Benjamin McDowell, man accused of plotting attack like Dylann Roof's, will stay in jail
FLORENCE, S.C. -- Benjamin McDowell will remain in jail for at least a little while after the FBI said the convicted felon wanted to buy a gun to use in a hate crime similar to the South Carolina church shootings two years ago.
McDowell’s lawyer told a judge in Florence on Tuesday that the man federal agents called a white supremacist didn’t want a bond hearing now on a charge of being a felon in possession of a weapon.
McDowell’s lawyer also decided not to have a preliminary hearing where the judge would decide if the government did have enough evidence to charge him.
Authorities first began investigating McDowell in December when he threatened a Myrtle Beach synagogue on Facebook. Local officials were already keeping tabs on him because he made friends with white supremacists groups and got tattoos associated with racist groups while in prison on a felony burglary charge, the FBI said in a sworn statement.
McDowell then said he wanted a gun and told the undercover FBI agent who offered to get him one that he planned to attack somewhere in the name of white power and write on the building “in the spirit of Dylann Roof,” according to court records.
Roof was sentenced to death last month for killing nine black Charleston church worshippers in a racially motivated attack.
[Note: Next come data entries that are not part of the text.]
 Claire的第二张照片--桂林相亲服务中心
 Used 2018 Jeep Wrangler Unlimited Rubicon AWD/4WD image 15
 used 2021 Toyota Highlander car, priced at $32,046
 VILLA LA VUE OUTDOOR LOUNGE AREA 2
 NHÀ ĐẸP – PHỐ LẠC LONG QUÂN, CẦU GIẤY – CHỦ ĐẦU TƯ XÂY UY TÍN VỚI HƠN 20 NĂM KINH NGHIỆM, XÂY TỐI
The synagogue the FBI said McDowell threatened was the Temple Emanu-El. Roof’s June 2015 massacre happened at Emanuel AME church.
McDowell, 29, never specified a target, but the undercover FBI agent recounted several conversations where McDowell expressed racist views.
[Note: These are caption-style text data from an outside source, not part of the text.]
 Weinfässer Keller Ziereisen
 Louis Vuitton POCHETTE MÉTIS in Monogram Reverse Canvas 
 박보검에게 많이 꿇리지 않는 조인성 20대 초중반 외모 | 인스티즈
“I seen what Dylann Roof did and in my heart I reckon I got a little bit of hatred,” the undercover agent recalled McDowell saying.
McDowell said almost nothing in court. As he shuffled into the courtroom, his hands and ankles shackled, he craned his head to see his mother. She mouthed “I love you,” wiping her eyes with a tissue, and he mouthed “I love you” back.
McDowell held his hands up to his family in a prayer pose as he left. His mother said her son was religious and his remarks to the undercover FBI agent include several comments about fighting for Yahweh, a form of the Hebrew name for God.
In an interview with CBS affiliate WBTW last week, McDowell’s mother Joann Clewis said her son never spoke about plotting an attack.
“He didn’t say, ‘Momma, I’m gonna go do it,’ or nothing like that,” Clewis said. “I raised him better than that.”
Clewis told the station her son spoke about Roof after the June 2015 church attack.
“He just said you know, ‘That boy was brave and he made headlines you know as a white boy,’” Clewis said, recalling the conversaion with her son. “And he said, ‘But he was wrong, you know, to go in the church and shoot up like he did.’ And he said, you know, ‘He stood up for the white people.’”
She said her son spoke about Black Lives Matter protesters and said, “That’s not right that they can stand up and we can’t.”
Clewis said she had been living with her son, but he left shortly before his arrest, telling her he was going to Alabama. He asked her for $109 to pay a man to take him there, where he said he had a job waiting on him. Court documents state McDowell had agreed to purchase a .40 caliber Glock and hollow point ammunition from the undercover agents for approximately $109, according to WBTW.
“He said, ‘Momma’, he said, ‘I got to leave the nest,” Clewis said. “He said I can’t depend on you cause if something happens to you, I need to know what to do, and what I’m supposed to do.”
McDowell has several convictions in South Carolina for burglary and at least one for assault, which made it illegal for him to possess a gun. He was arrested last week shortly after buying a gun, which had the firing pin shaved down so it wouldn’t work, and ammunition from the undercover agent for $109 he borrowed from his grandfather, the FBI said.
Outside the courthouse, Clewis said she could say little about her son’s case other than he is innocent until proven guilty and she was stunned at his arrest. She said he was a good man and a wonderful son as other family members waiting on her in a car blocked the street in front of the courthouse and honked the horn.
“I just wanted to hug him,” she said.